• [WHAT YOU HAVE TO DO]: Your answer must be an exact copy of the records, with no pictures included.

Web page caption snippets
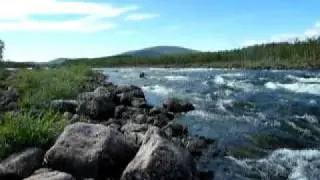 Stromschnelle auf Kaitum&auml;lven.MOV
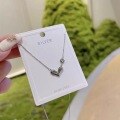 wholesale Sterling Silver Maker S925 3D Heart Letter E "Life Has You, Wholeheartedly" Set Necklace Fashion Unique Niche High-End-0-1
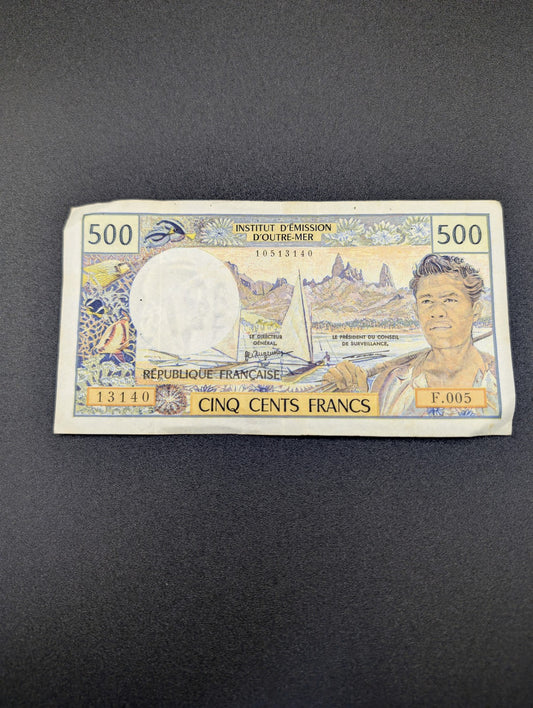 New Caledonia 1985 500 Francs POS Nerds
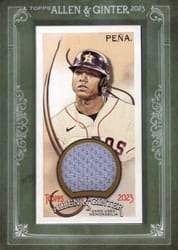 2023 Topps Allen & Ginter Framed Mini Relics Jeremy Peña #MFR-JP card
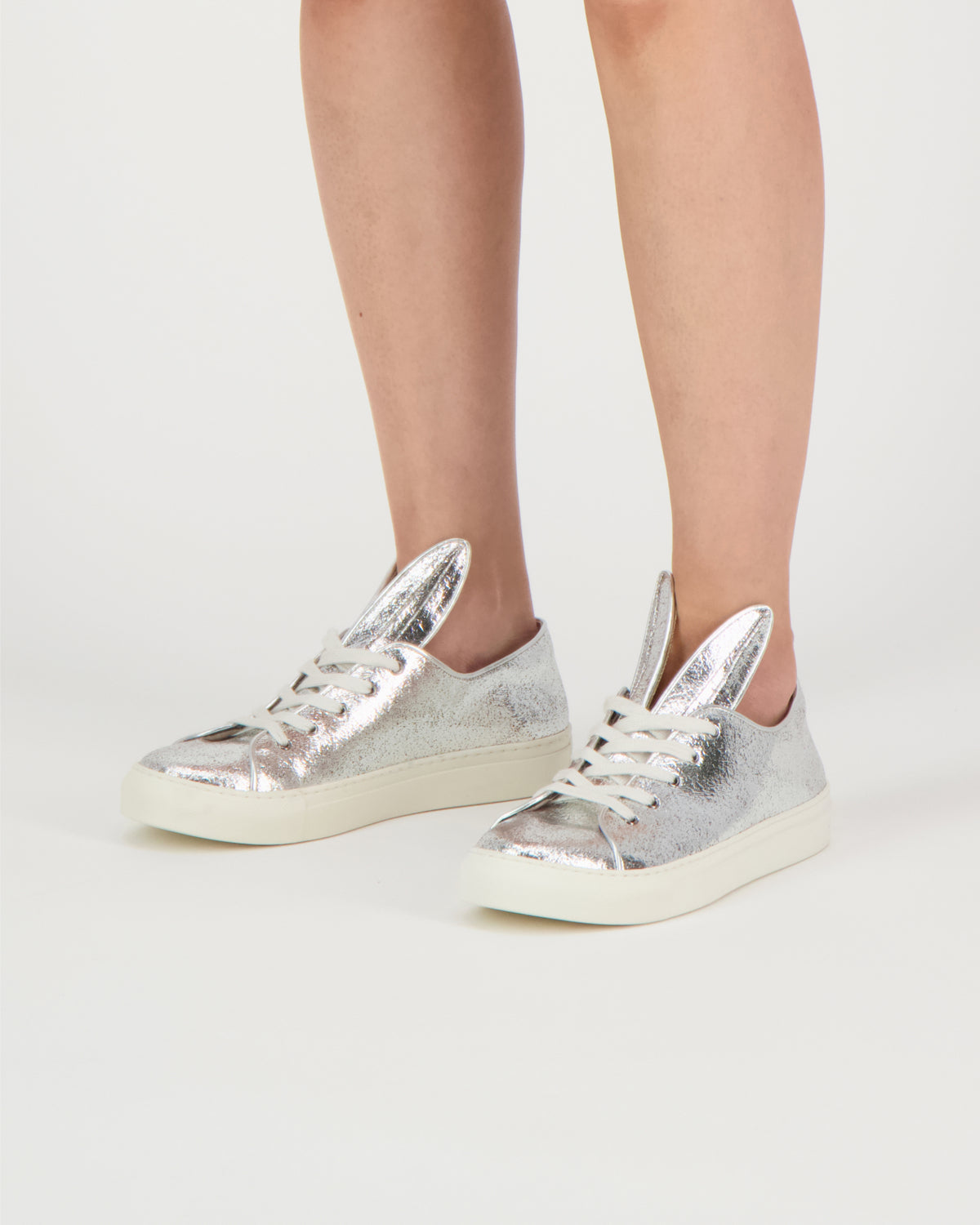 All Ears Shoes Vegan Silver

• [WRITTEN REPLY]:
 Stromschnelle auf Kaitum&auml;lven.MOV
 wholesale Sterling Silver Maker S925 3D Heart Letter E "Life Has You, Wholeheartedly" Set Necklace Fashion Unique Niche High-End-0-1
 New Caledonia 1985 500 Francs POS Nerds
 2023 Topps Allen & Ginter Framed Mini Relics Jeremy Peña #MFR-JP card
 All Ears Shoes Vegan Silver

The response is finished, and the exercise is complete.